Why? Because vector search alone will surface things that are semantically close but practically useless. Re-ranking fixes that.
We watched as the top results shifted. A paragraph about deployment strategies from a Google engineering blog jumped from position 12 to position 3. A random forum post dropped out entirely.
Result: 5–8 highly relevant paragraphs. Not 50.
Layer 4 — Orchestration
This is where the prompt engineering happens, but not the kind you type yourself. Perplexity constructs a prompt that includes:
- System instructions for citation formatting
- The retrieved paragraphs (each tagged with its source URL)
- Your original query
The citations aren’t an afterthought. They’re part of the context, tracked through the entire orchestration layer so the final answer can link back to sources.
Layer 5 — LLM Generation
Finally, the model generates. In our trace, it was GPT-4o (though Perplexity switches models depending on the query type). The output came back with inline citations, a summary of key practices, and links to the original sources.
Total elapsed time: maybe 4 seconds. It felt instant.
What Surprised Us
Two things broke our assumptions.
First: the re-ranking step.
Everyone in the room thought Perplexity was just doing vector search + an LLM. None of us expected a dedicated re-ranking model. Once we saw it, it made sense, vector search alone is too noisy for production-grade answers. But it’s not something you see in the “build your own RAG” tutorials.
Second: the citation tracking.
This isn’t just “the model cites sources.” The orchestration layer is carefully constructed so the LLM has to include citations. The retrieved chunks come with metadata that the prompt instructs the model to reference. It’s not a nice-to-have. It’s a constraint baked into the architecture.

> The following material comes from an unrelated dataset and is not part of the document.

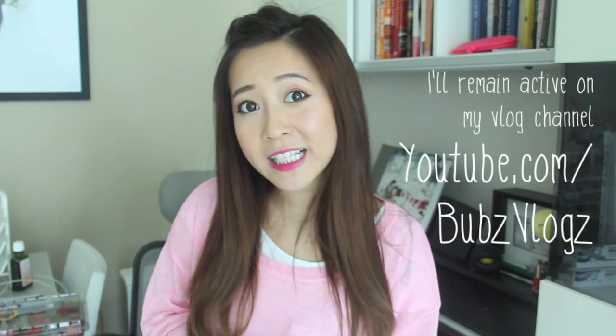Alright guys, those are my May favorites and I hope you enjoyed chilling with me. Thank you so much for watching. I'll be flying off to the UK in a few days for Tim's sister's wedding, so remember to subscribe to my vlog channel to keep up with us. I shall see you very soon — bye everybody!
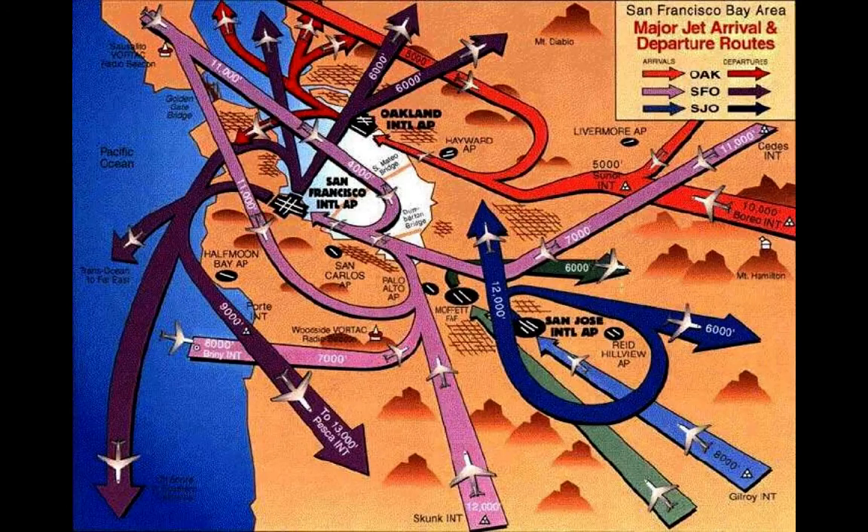A typical TRACON facility has a circular room with computer terminals around it, each representing different sectors of airspace under each controller's jurisdiction. I got to visit the TRACON in Atlanta and it looked just like this — like a Star Trek set. TRACON controllers manage significant traffic congestion into a small piece of airspace. For example, the San Francisco region has SFO as a Class Bravo, plus Class D airports every five miles around the bay, and two Class Charlies — San Jose and Oakland International.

One person in the cohort said it best: “Oh, so this is RAG where the data source is the entire internet, and the retrieval is actually good.”
The Practical Lesson for Developers in 2026
Here’s what I took away, and it’s not “go build your own Perplexity.”
Understanding these pipelines the actual layers, not just the high-level “RAG is search + generation” is now table stakes. Even if you never deploy a vector database or train a re-ranking model, you need to know:
- Why your naive RAG prototype fails (because retrieval is noisy and you have no re-ranking)
- Why Perplexity’s answers feel better than ChatGPT with web search (because the orchestration layer is doing 10x more work than you think)
- Why citation tracking matters for trust, not just compliance
The product’s value isn’t in the model. It’s in the retrieval, the re-ranking, and the prompt construction. Perplexity uses the same models you have access to. What makes it work is everything before the LLM runs.
That’s the part you can’t see from the chat interface. And that’s the part worth understanding.
P.S. — If you’re curious, here’s the 5-layer breakdown we ended the session with:
| Layer | What Actually Happens |
|---|---|
| 1. Data Ingestion | Real-time web crawl + indexes, 10–20 candidate pages |
| 2. Embeddings | Chunk pages → embed chunks + query |
| 3. Vector Search + Re-ranking | FAISS-style fast retrieval → dedicated model re-ranks to top 5–8 |
| 4. Orchestration | Construct prompt with citations, source tracking, system instructions |
| 5. LLM Generation | Model writes grounded answer with inline links |
That’s what happens in the 3 seconds. Now you know.